Desenvolvido a partir de entrevistas com três mulheres participantes do Programa de Inclusão Social de Egressos do Sistema Prisional (PrEsp) da Secretaria de Estado de Defesa Social de Belo Horizonte, o estudo visou entender a vivência delas na prisão e como isso afeta a vida pós-pena. Conrado, trabalhando na época como técnico social de psicologia do PrEsp – programa que trabalha a inclusão social dos que foram condenados e privados da liberdade, fazendo encaminhamentos ao mercado de trabalho e a cursos profissionalizantes – explica que “elas saíram do sistema, mas o sistema continua com elas”. “Conversei com duas que estavam cumprindo pena no regime aberto, em prisão domiciliar, e uma que estava há mais de um ano fora do sistema prisional, já no estágio de livramento condicional. Elas tiveram rompimentos dos laços familiares e diversos relacionamentos sociais prejudicados, e agora têm dificuldades em conseguir um emprego”, conta.

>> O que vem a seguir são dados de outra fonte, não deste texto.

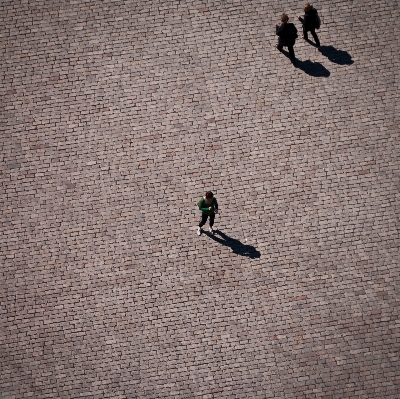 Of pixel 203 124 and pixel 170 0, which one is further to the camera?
pixel 170 0

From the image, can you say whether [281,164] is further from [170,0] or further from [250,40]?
[170,0]

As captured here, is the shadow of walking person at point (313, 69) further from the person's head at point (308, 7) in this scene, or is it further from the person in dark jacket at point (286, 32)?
the person's head at point (308, 7)

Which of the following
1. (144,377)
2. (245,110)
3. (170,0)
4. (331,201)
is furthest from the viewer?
(170,0)

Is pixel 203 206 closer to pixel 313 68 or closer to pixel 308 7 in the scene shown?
pixel 313 68

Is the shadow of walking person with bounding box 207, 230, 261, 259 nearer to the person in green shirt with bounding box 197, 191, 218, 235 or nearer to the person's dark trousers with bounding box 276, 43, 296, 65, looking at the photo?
the person in green shirt with bounding box 197, 191, 218, 235

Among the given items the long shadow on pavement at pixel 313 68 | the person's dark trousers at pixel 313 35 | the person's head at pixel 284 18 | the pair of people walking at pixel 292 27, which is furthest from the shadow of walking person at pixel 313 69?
the person's head at pixel 284 18

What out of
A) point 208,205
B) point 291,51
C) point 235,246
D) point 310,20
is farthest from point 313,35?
point 235,246

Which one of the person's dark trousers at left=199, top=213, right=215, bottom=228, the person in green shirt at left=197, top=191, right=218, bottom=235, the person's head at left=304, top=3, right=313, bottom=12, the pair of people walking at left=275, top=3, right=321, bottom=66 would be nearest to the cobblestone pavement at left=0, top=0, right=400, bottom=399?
the person's dark trousers at left=199, top=213, right=215, bottom=228

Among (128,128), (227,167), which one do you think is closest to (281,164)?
(227,167) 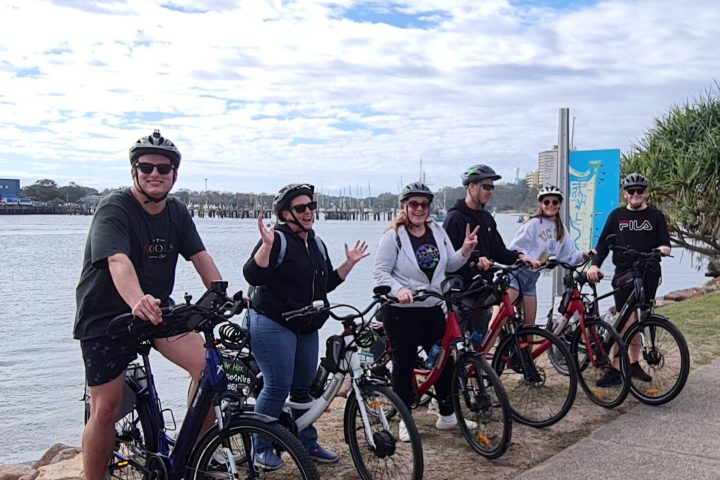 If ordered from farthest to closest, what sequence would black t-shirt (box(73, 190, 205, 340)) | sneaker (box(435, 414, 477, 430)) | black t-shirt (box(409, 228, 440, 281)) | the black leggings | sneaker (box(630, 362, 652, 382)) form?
1. sneaker (box(630, 362, 652, 382))
2. sneaker (box(435, 414, 477, 430))
3. black t-shirt (box(409, 228, 440, 281))
4. the black leggings
5. black t-shirt (box(73, 190, 205, 340))

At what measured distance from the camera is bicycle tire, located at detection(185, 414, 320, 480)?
368 centimetres

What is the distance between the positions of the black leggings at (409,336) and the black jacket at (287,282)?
74 centimetres

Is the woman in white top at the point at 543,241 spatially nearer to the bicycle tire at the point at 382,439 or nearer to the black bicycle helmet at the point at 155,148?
the bicycle tire at the point at 382,439

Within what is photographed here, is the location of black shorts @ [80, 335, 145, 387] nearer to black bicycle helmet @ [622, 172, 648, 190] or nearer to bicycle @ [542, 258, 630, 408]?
bicycle @ [542, 258, 630, 408]

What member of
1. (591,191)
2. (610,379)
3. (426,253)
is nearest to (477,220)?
(426,253)

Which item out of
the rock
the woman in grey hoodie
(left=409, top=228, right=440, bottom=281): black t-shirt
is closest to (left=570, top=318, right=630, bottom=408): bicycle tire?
the woman in grey hoodie

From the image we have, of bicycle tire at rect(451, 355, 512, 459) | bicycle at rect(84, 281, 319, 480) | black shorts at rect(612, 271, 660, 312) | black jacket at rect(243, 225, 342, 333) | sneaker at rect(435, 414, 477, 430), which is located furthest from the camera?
black shorts at rect(612, 271, 660, 312)

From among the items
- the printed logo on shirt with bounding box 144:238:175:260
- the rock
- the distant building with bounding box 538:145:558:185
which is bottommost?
the rock

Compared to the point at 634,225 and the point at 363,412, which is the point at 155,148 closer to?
the point at 363,412

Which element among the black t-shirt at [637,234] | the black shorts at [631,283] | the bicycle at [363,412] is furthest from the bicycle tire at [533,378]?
the bicycle at [363,412]

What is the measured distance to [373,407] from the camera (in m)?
4.52

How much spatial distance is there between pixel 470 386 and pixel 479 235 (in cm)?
164

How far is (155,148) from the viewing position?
420 cm

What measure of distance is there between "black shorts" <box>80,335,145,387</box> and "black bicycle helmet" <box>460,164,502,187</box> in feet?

Para acesso ao mercado formal de trabalho, as empresas exigem um atestado de antecedentes criminais e, para o técnico em psicologia, isto reforça o preconceito e estigma de criminoso, prolongando os efeitos de constrangimento da pena.
Conrado destaca ainda que as mulheres que infringem a lei são punidas duas vezes: ao sofrerem um processo criminal e cumprirem suas penas, e por terem rompido uma regra moral da sociedade, em que uma mulher nunca deveria cometer um crime. Elas até mesmo recebem menos visitas que os homens, devido a esse estigma. “Uma delas relatou que a mãe não a visitava por vergonha em ter uma filha presa”, comenta.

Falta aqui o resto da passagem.